Een ernstig ongeval met een springkasteel heeft recentelijk een veiligheidsprobleem met springkastelen en andere opblaasbare structuren aan het licht gebracht. Bovendien hebben de controlediensten van de FOD Economie verschillende gevaarlijke situaties vastgesteld met opblaasbare structuren. Daarom vestigen we graag je aandacht op dit probleem.
Het aanbieden van opblaasbare structuren zoals springkastelen is een dienstverlening die veilig moet zijn. Afhankelijk van de situatie en het publiek, moet dit voldoen aan het koninklijk besluit van 28.03.2001 betreffende de uitbating van speelterreinen, of het koninklijk besluit van 25.04.2004 houdende reglementering van de organisatie van actieve ontspanningsevenementen.

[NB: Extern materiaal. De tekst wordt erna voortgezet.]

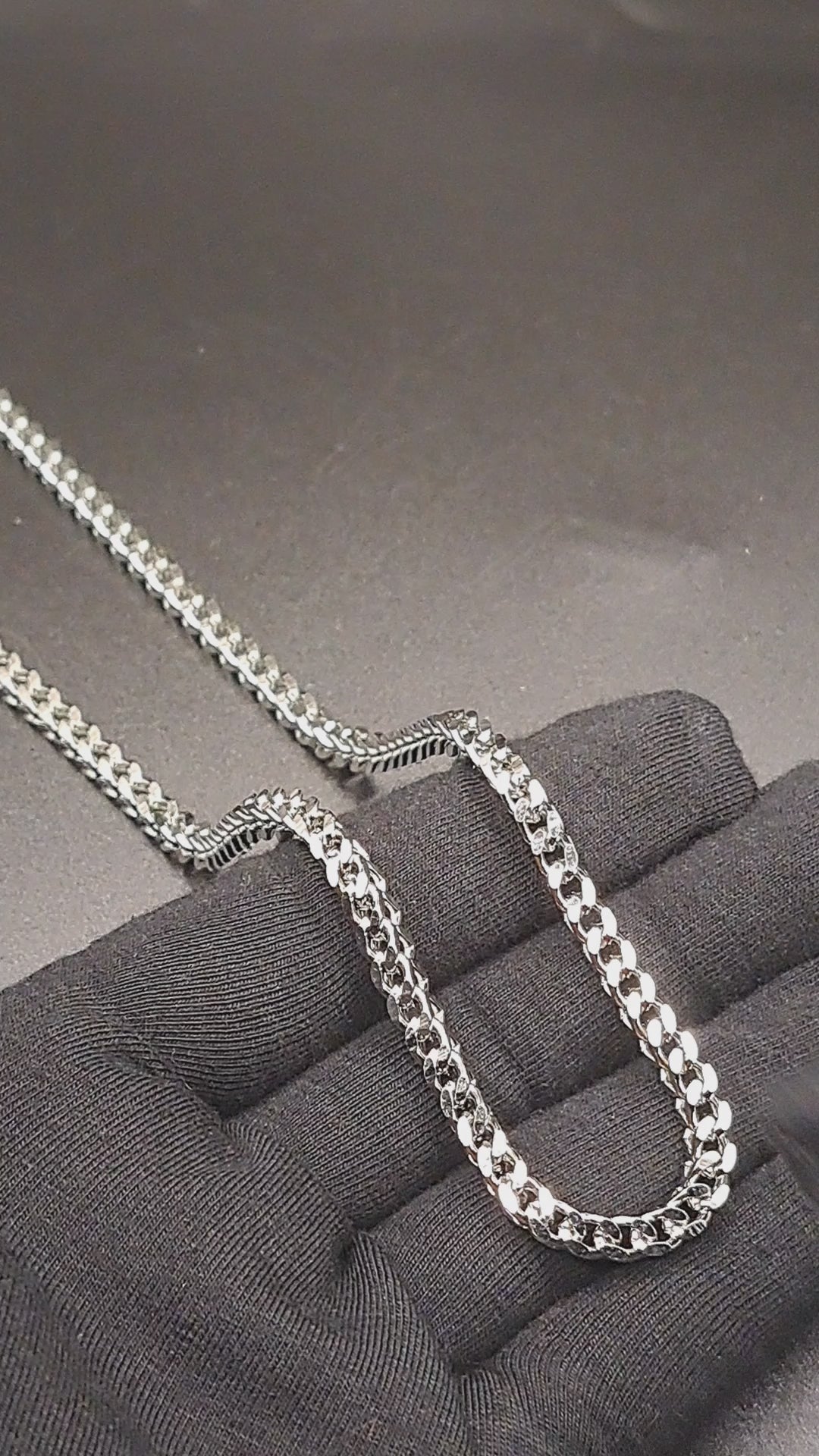 Silver Interlocking Chain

De meeste verontrustende vaststellingen zijn:
- De schokdempende ondergrond ontbreekt of is niet adequaat. Gezien de hoogte van de vrije val moeten de structuren worden geplaatst op een harde ondergrond met voldoende en aangepaste valmatten of op een valdempende ondergrond. Zonder die veiligheidsmaatregel loopt het kind het risico op breuken of ernstig hoofd- en hersenletsel bij een val.
- De positionering of ruimte tussen verschillende springkastelen of andere (opblaasbare) structuren of andere obstakels is onvoldoende. De vrije ruimte rondom de opblaasbare structuur moet voldoende zijn en vrij van obstakels om te vermijden dat kinderen tegen elkaar botsen of op obstakels vallen.
- De opblaasbare structuren zijn niet verankerd. Dat kan ertoe leiden dat ze omvergeblazen worden door de wind of dat ze bij gebruik verschuiven en ruimte creëren tussen de structuren (zie ook vorig punt). Dit kan ernstige verwondingen opleveren voor wie zich op of naast de opblaasbare structuur bevindt.
- De verbindingen tussen verschillende modules opblaasbare structuren zijn niet geschikt en onveilig. Bij een niet geschikte verbinding kunnen de verschillende modules tijdens gebruik verschuiven en ruimte creëren tussen de structuren waarbij kinderen zich verwonden of vallen en vast komen te zitten.
- De blazer (luchttoevoerapparatuur) is toegankelijk voor de kinderen. De blazer mag niet binnen handbereik van de kinderen op de structuur zijn. Dat kan leiden tot vingerbeknelling, brandgevaar, elektrocutiegevaar of ernstig letsel als het opblaasbare kasteel plotseling leegloopt.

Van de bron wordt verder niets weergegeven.